Forgiveness doesn’t come easy for any of us, whether we are the offender or the offended. It seems unnatural that we should let people off the hook who have hurt us. Our natural sense of justice wants them to experience some of what they have done to us. When we forgive, we are really saying that we trust God more than we trust ourselves to be the final arbiter of justice.
Jesus gave specific directions to the offender. If while you are in the presence of God with all your fellow believers you realize have offended someone, then leave that place. Then go and make things right between you and that person and then come back to God’s house (Matt 5:23- 24).
Jesus told a story in Matt 18:21-35 that deals with the offended.

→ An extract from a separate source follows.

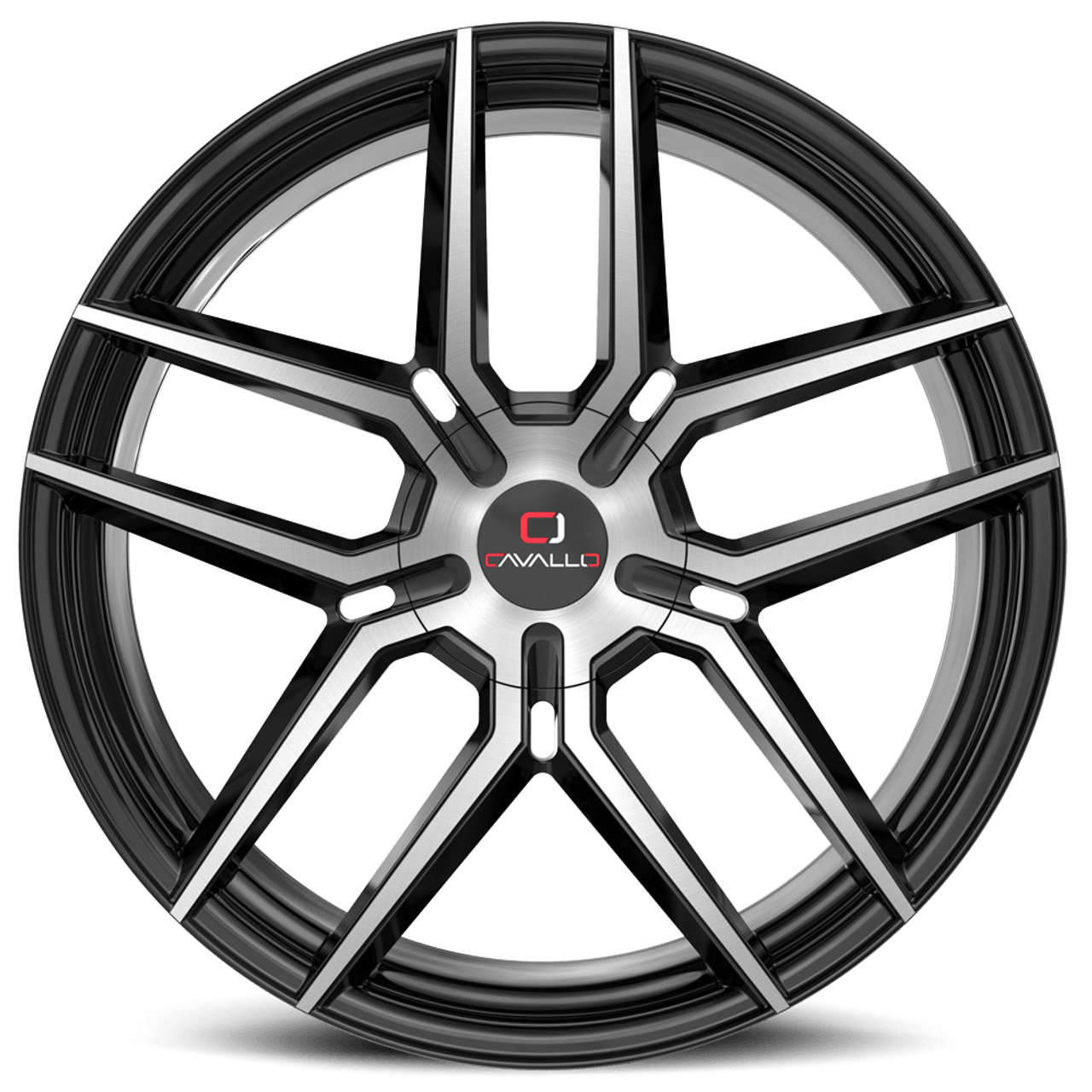 Set 4 20" Cavallo CLV-55 Gloss Black & Machined 20x8.5 Wheels 5x4.5 5x120 35mm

In Jesus’ story, there is a man who has accumulated an impossible debt that he cannot repay. When ordered by the king to repay the obligation, he begs for mercy, and the king has compassion on him and forgives his trillion-dollar debt. Forgiveness allows us to let people go just as the king released the servant from his debt.
Shockingly, that same servant would not forgive. The previous scene is so powerful with the master forgiving his servant that we are struck with the master’s generosity. In the second scene, we expect to see the same attitude from this servant because he has been the recipient of the king’s mercy. But that is not what we find. What should have been a given is not as the servant assumes an unforgiving spirit. That servant finds a fellow servant who owes him a minuscule amount and demands he pay it all. When he couldn’t pay, he had him thrown in prison.
Can you imagine how baffled the king was when he found out that the servant whom he forgave the impossible debt would not forgive a fellow servant a trifling amount? That is how our unforgiving spirit is seen by our heavenly father.
Families that don’t forgive is one of the saddest things there is. Not only do they deprive themselves of the open and genuine friendship and love that come from forgiving each other, but they also teach this to their children. Husbands and wives who don’t forgive are on their way to divorce. Friends who refuse to forgive and harbor grudges are robbed of the friendship that they could enjoy. Some people grow up in homes where they are taught to hate. Many a parent has laid an unbearable burden on their children by teaching them to carry grudges.
Jesus makes it clear that the king in the story is our heavenly father, and he expects us to forgive as he has forgiven us. Who in your life needs to be released by your forgiveness?